El prodigioso narrador de historias de amor que es Saramago propicia el encuentro con diálogos maestros, como el que sostienen el pastor y la prostituta, 
“—No tienes ninguna herida [le dice el pastor].
— La encontrarás si la buscas [responde ella].
— ¿Qué herida es?
—Esa puerta abierta por donde entran otros y mi amado no”. 

Cipriano Algor, el viejo alfarero, regresa a casa tras varios días de ausencia para descubrir que quien le abre la puerta es justamente la mujer a la que desde hace tiempo ama en silencio; ella, avergonzada, le pide disculpas por haber dormido una noche en su cama durante su ausencia; él, “sin saber cómo, descubre en medio de su confusión las palabras exactas: Nunca más dormirás en otra”.

Nunca, siempre, sí, no, amo, deseo, confío: son los términos rotundos de Saramago, quien a la hora de escribir sobre el amor no tiembla ni duda, y sabe sellar el pacto entre un hombre y una mujer convirtiéndolo en piedra angular, complicidad básica, acto fundacional. “El mundo es tan bonito y yo tengo tanta pena de morir”, dice la abuela de Saramago, y esta melancolía, que el nieto hereda y convierte en libros, hace que éstos sean tristes, sí, pero “Dios mío, qué dulce y suave tristeza, y que no nos falte nunca, ni siquiera en las horas de alegría” 

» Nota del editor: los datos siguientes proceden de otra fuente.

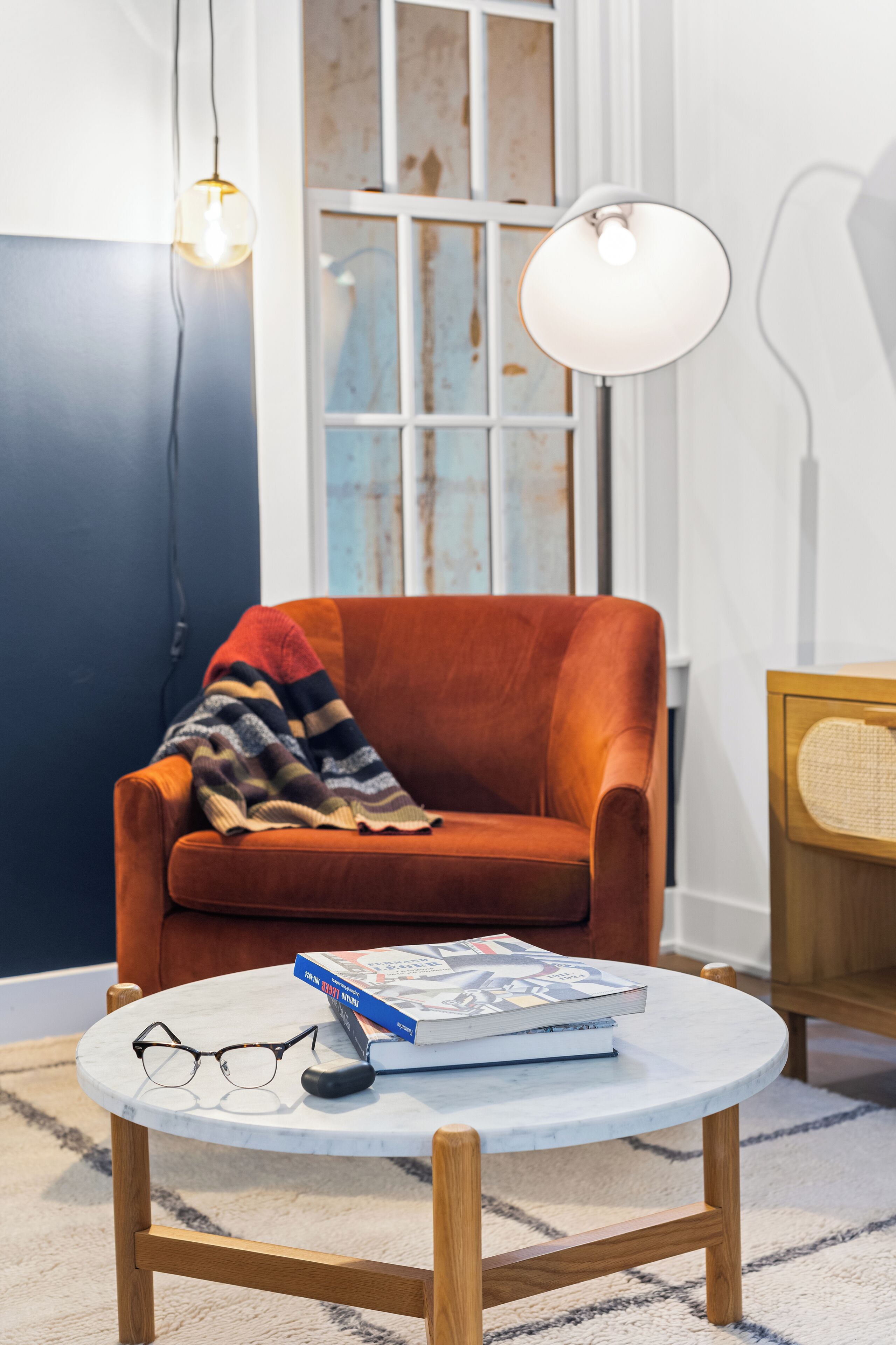 A room with a round wooden table, a pair of glasses, and a book on it.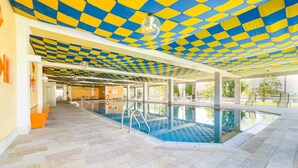 An indoor swimming pool with a checkered ceiling, clear glass walls, and a tiled floor. - FeWo Längl - modern "Alpenguck" apartment with pool and sauna in the Allgäu (Scheidegg)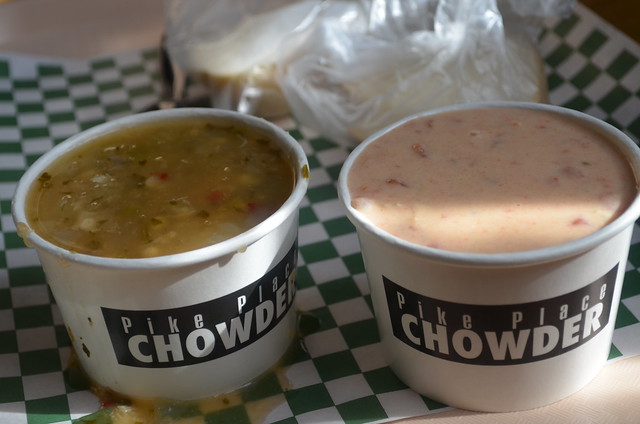 Two small cups of soup on a tray.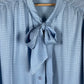 Light blue silk blouse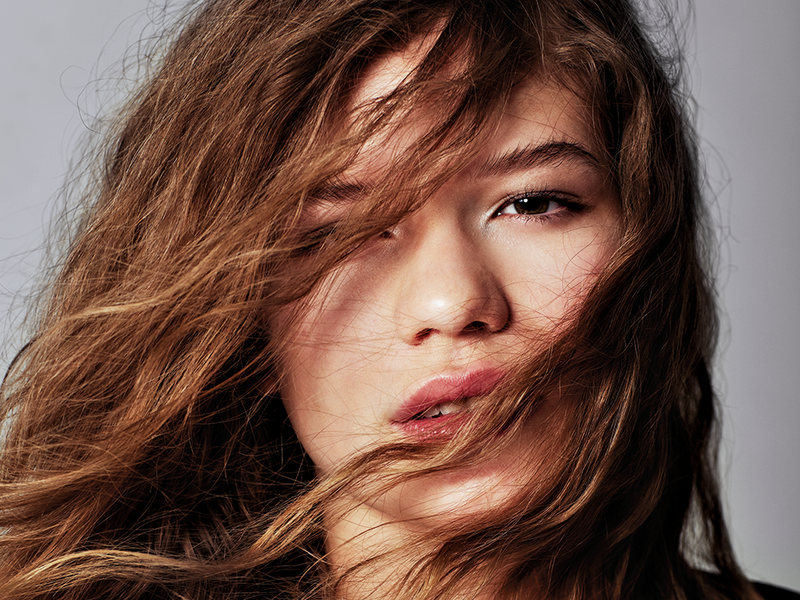 woman with brownish hair in face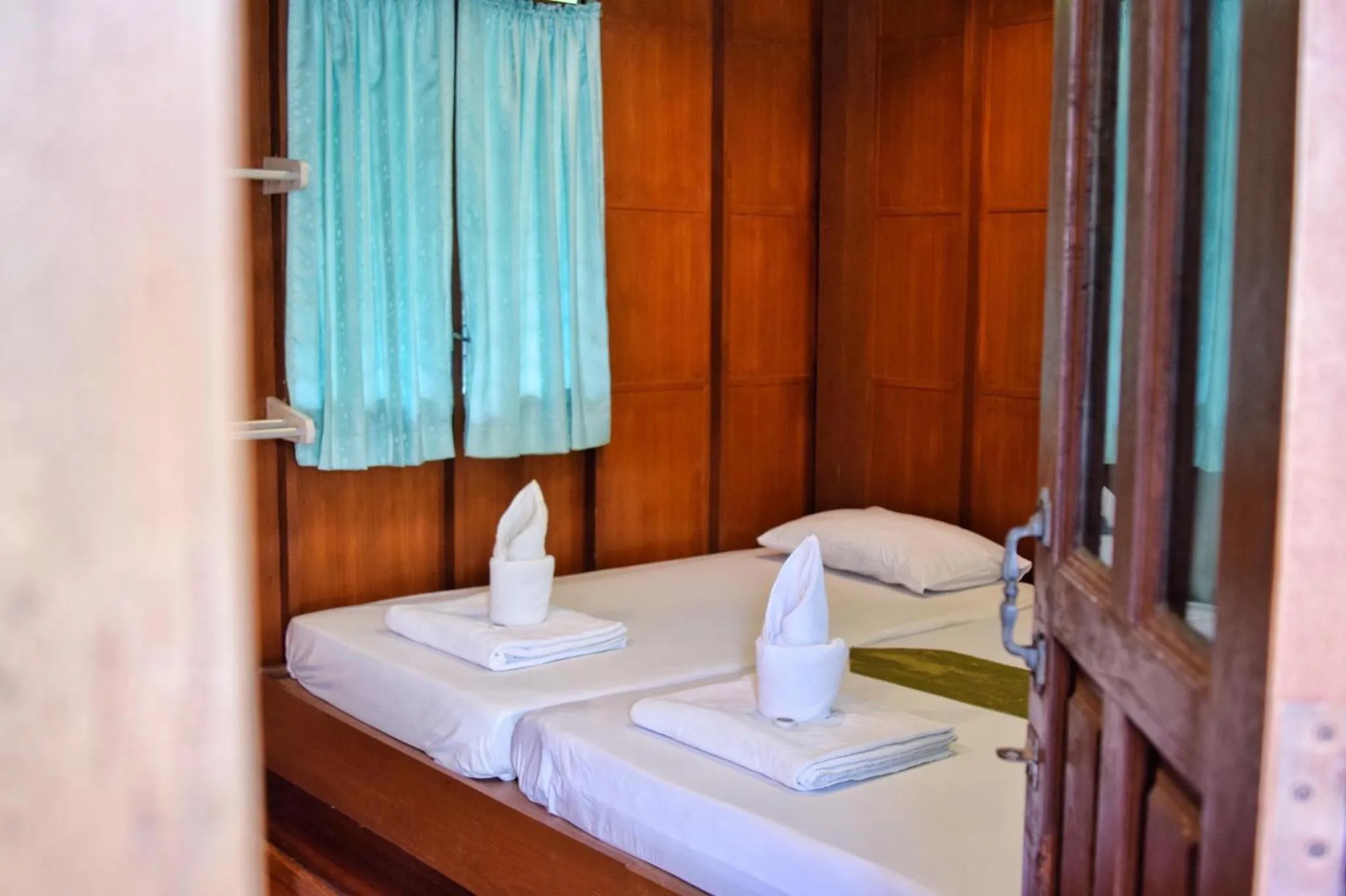 Bed in บ้านกรนรา Baan Kornnara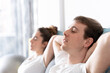 © Egoitz - Man and woman resting with closed eyes on couch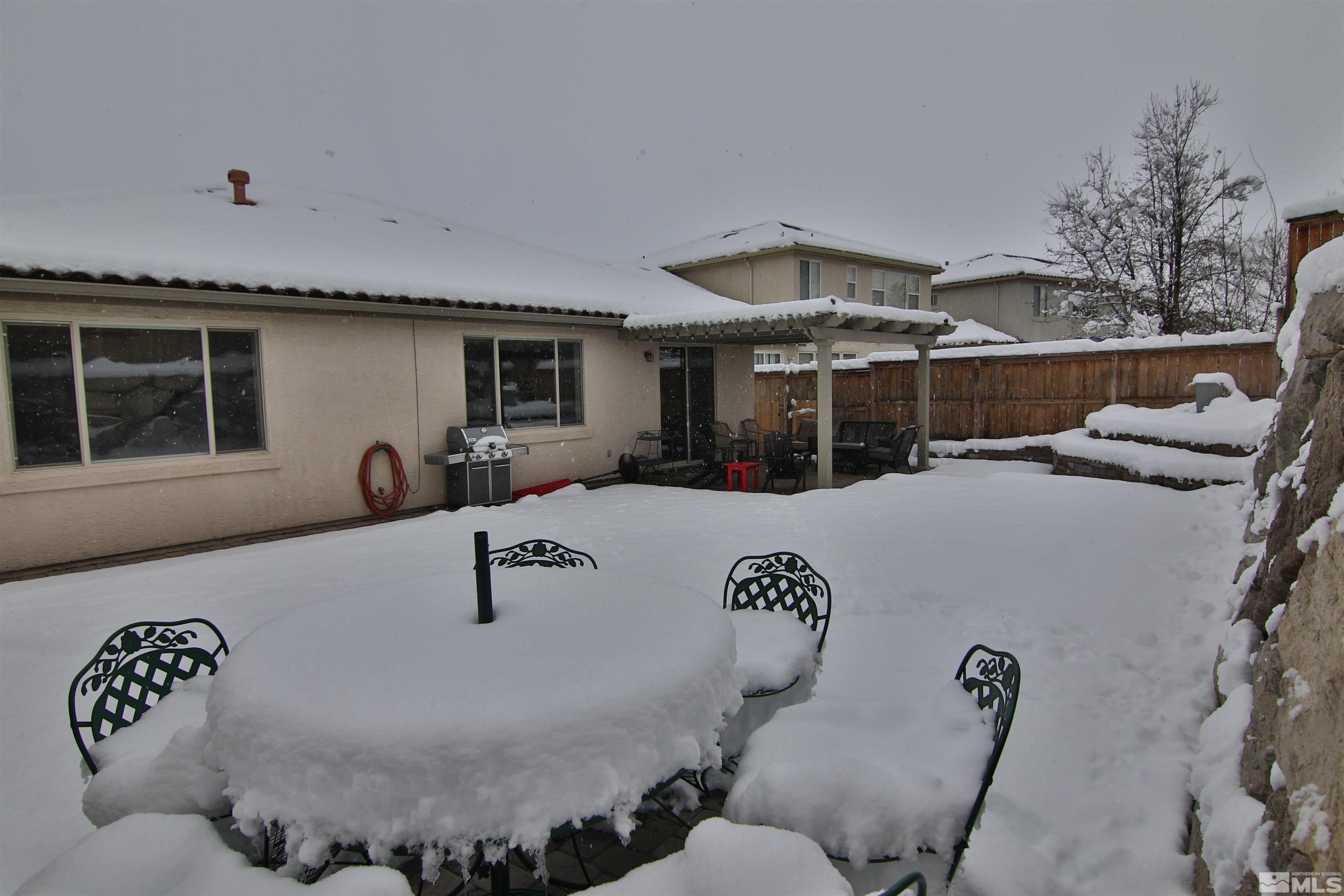 10640 Fire Poppy Circle Reno, NV 89521 - Photo 24 of 27 a view of a couches and dinning table and chair in the patio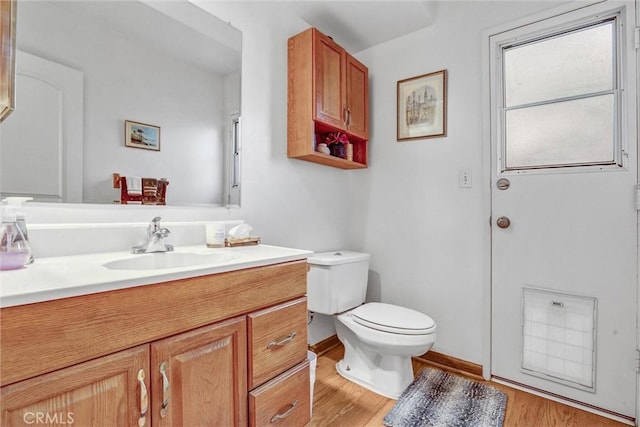 4612 Wolfe Way, Woodland Hills, CA 91364 - bathroom featuring toilet, vanity, wood finished floors, and baseboards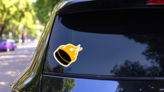 Ice Hockey Puck In Flames Sticker on a Rear Car Window (New) example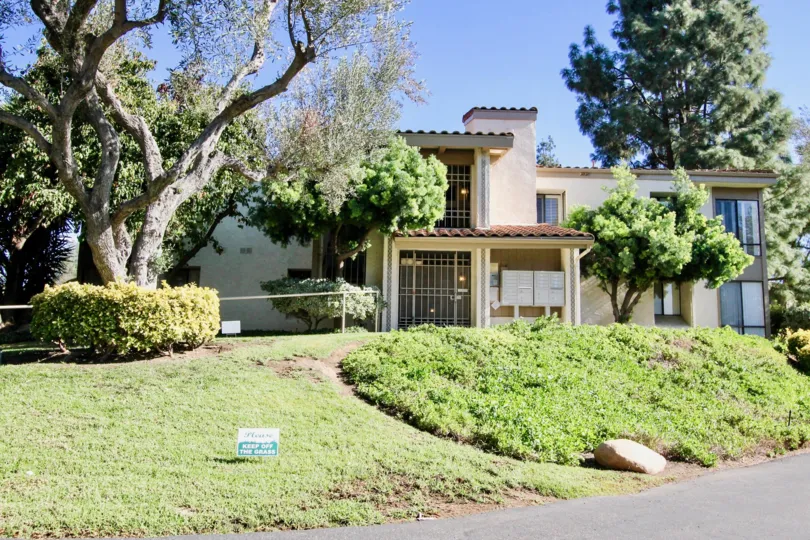 Hillside in front of a residential building at One Oaks North in Rancho Bernardo CA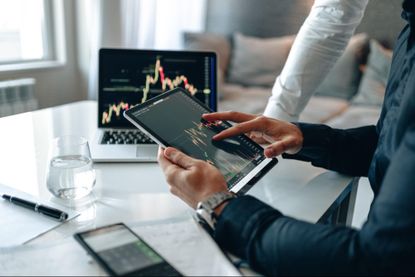 Man looking at an investment chart on tablet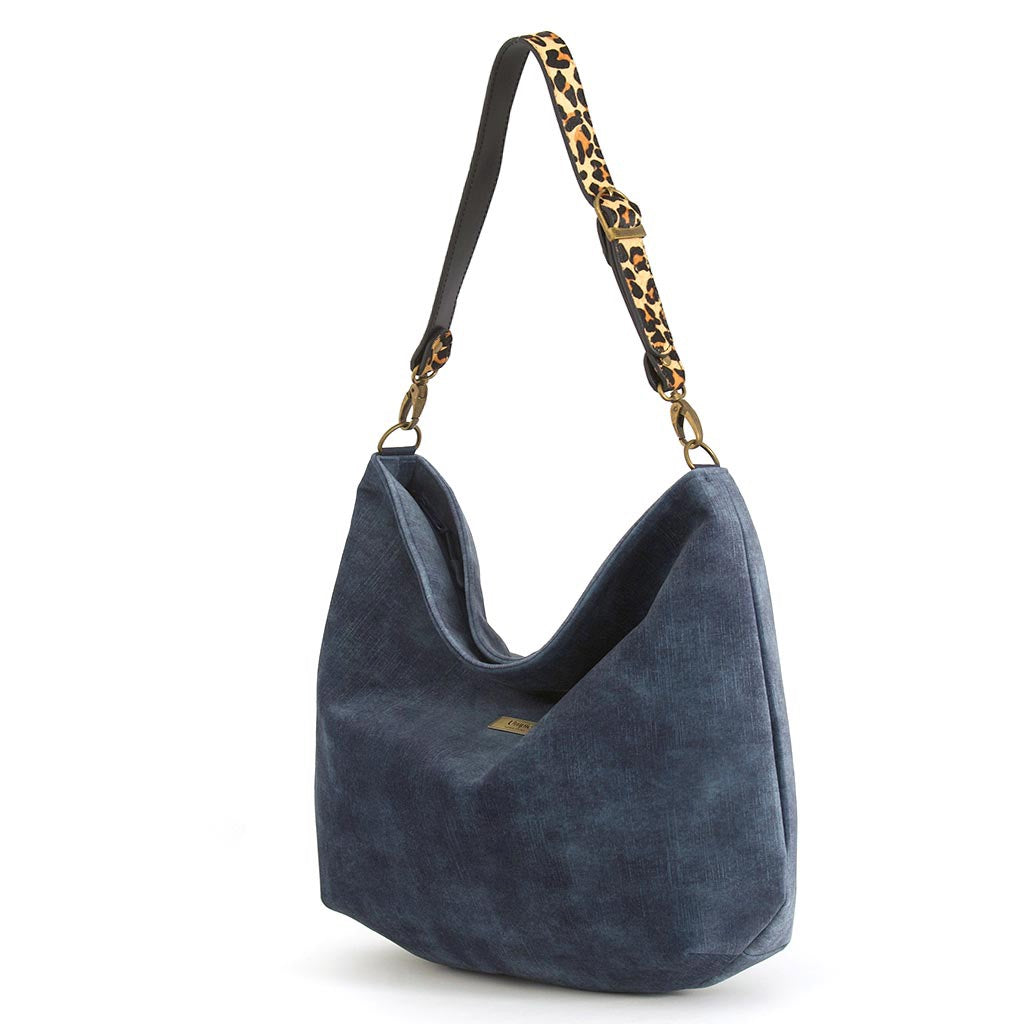 Luxurious blue velvet hobo bag with bold leopard print leather strap, front view showing rich texture and slouchy silhouette by Umpie Handbags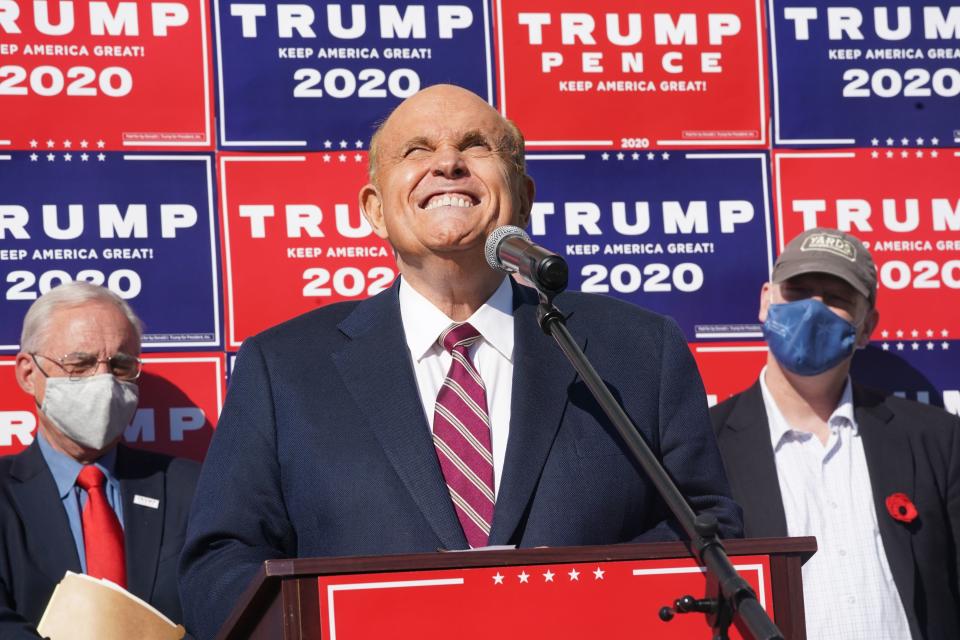 <p>Attorney for Donald Trump, Rudy Giuliani, speaks at a news conference in the parking lot of a landscaping company on November 7, 2020 in Philadelphia</p> (Photo by BRYAN R. SMITH/AFP via Getty Images)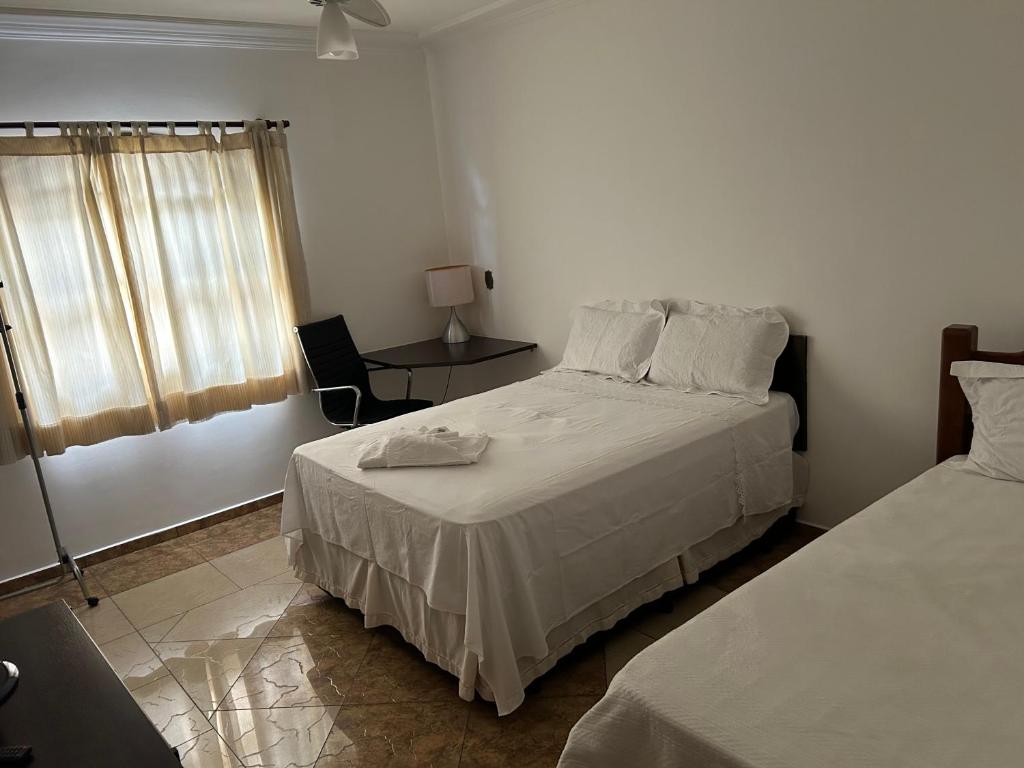 1 dormitorio con 2 camas, mesa y ventana en Quarto com / Bosque / Estoril / SJC, en São José dos Campos
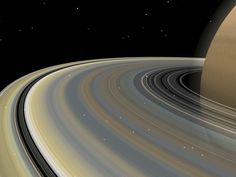 an artist's rendering of saturn with its rings in the foreground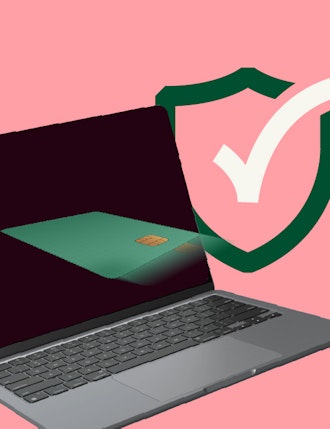 laptop with card flying into it, behind it a security check sign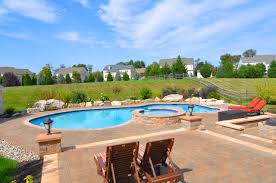 The average cost to install an inground pool is $35,000 with most homeowners spending between $28,000 and $55,000.the additional cost of pool ownership for basic maintenance, increased utilities, and repairs add $2,500 to $5,000 every year. Beautiful Mountain Lake Style In Ground Pool With Raised Spa Contemporary Pool Philadelphia By Monogram Custom Pools 610 282 0235 Houzz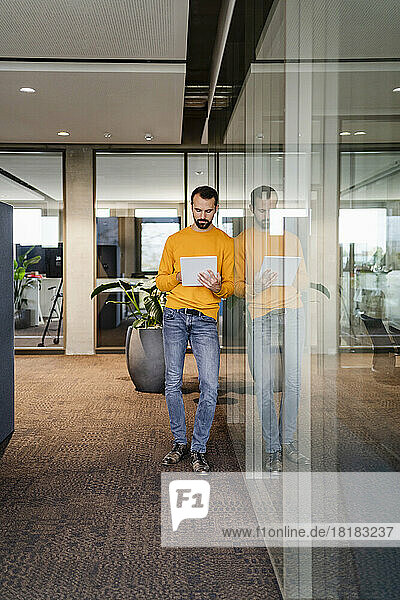 Young businessman using tablet PC leaning on glass wall in office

Cipriano —uno de sus grandes personajes—, va murmurando los nombres de los seres que ama, de los objetos de su vida, su propio nombre, “Cipriano, Cipriano, Cipriano, lo repitió hasta perder la cuenta de las veces, hasta sentir que un vértigo lo lanzaba fuera de sí mismo hasta dejar de comprender el sentido de lo que estaba diciendo, entonces pronunció la palabra horno, (...) la palabra perro. (...) la palabra agua (...), la palabra mujer (...), la palabra hombre, la palabra, la palabra, y todas las cosas de este mundo, las nombradas y las no nombradas, las conocidas y las secretas, las visibles y las invisibles”. Así como Cipriano, Saramago va poniendo en sus libros todas aquellas palabras que han hecho de él un escritor, pese a que cuando las escuchó por primera vez no las sabía escribir porque era analfabeta, al igual que su madre, él que seguiría siéndolo todavía algún tiempo, ella durante toda su vida. 

Y cómo no mencionar aquí, para terminar, esa forma suya tan propia de establecer complicidad con nosotros, sus lectores, llevándonos de la mano, orientándonos, haciéndonos guiños, como si nos dijera al oído: esto es entre tú y yo, lectora, lector, porque mis personajes son sólo eso, personajes, y tienen un alma, sí, pero es un alma de papel, y por tanto esta historia que te estoy contando se trata en realidad de ti y de mí, que somos los únicos de carne y hueso; se trata de tu vida y de la mía, que de verdad acontecen e importan; se trata en el fondo solamente de ti, que esto lees, y de mí, que esto escribo. 

Lo demás son palabras: el regalo de las palabras de José Saramago, un camino hermoso y consistente que nos lleva a recorrer los territorios de lo humano hasta llegar al corazón.